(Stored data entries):
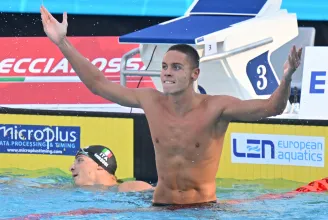 Úszó-Eb: 17 éves román úszó döntötte meg a 100 gyors világrekordját, Milák Kristóf ezüstérmet nyert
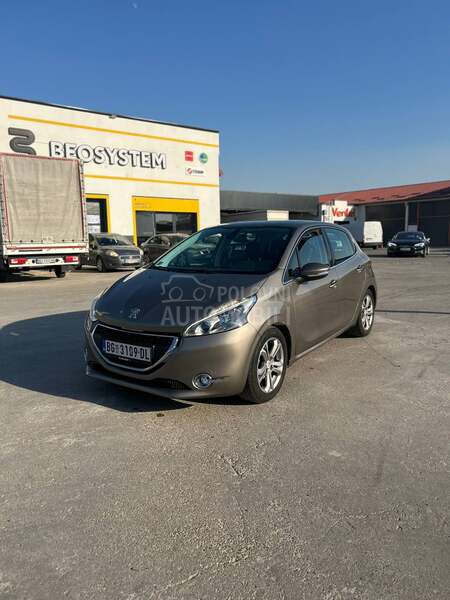 Peugeot 208 1.6 eHdi Led/Nav/Alu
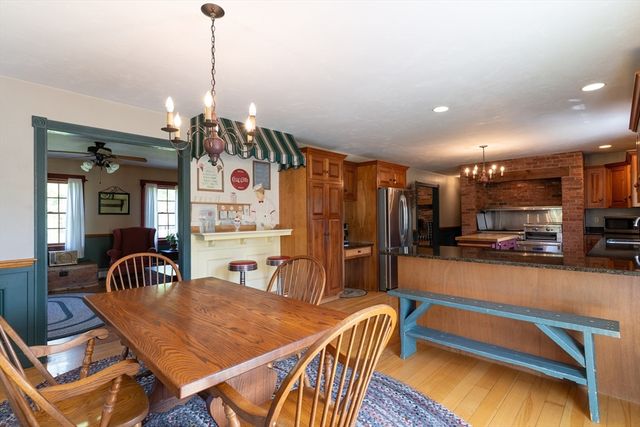 147 Oakham Rd, North Brookfield, MA 01535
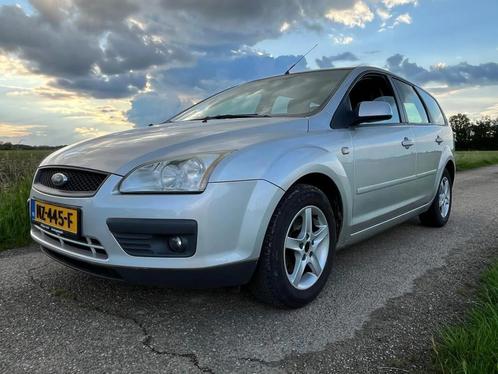 Ford Focus 1.6-16V Ambiente  airco nwe koppeling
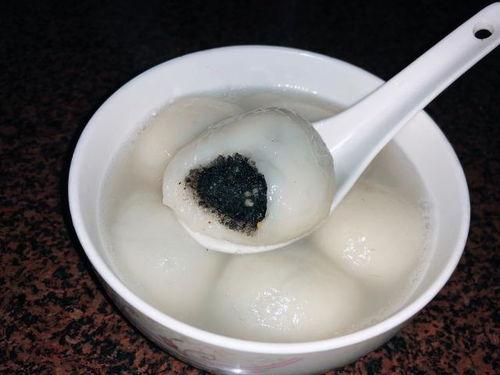 娱乐吃瓜酱芝麻汤圆,娱乐吃瓜酱的独特风味之旅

(Your objective):
Copy every record above exactly, leaving out any pictures.

(Written answer):
 Úszó-Eb: 17 éves román úszó döntötte meg a 100 gyors világrekordját, Milák Kristóf ezüstérmet nyert
 Peugeot 208 1.6 eHdi Led/Nav/Alu
 147 Oakham Rd, North Brookfield, MA 01535
 Ford Focus 1.6-16V Ambiente  airco nwe koppeling
 娱乐吃瓜酱芝麻汤圆,娱乐吃瓜酱的独特风味之旅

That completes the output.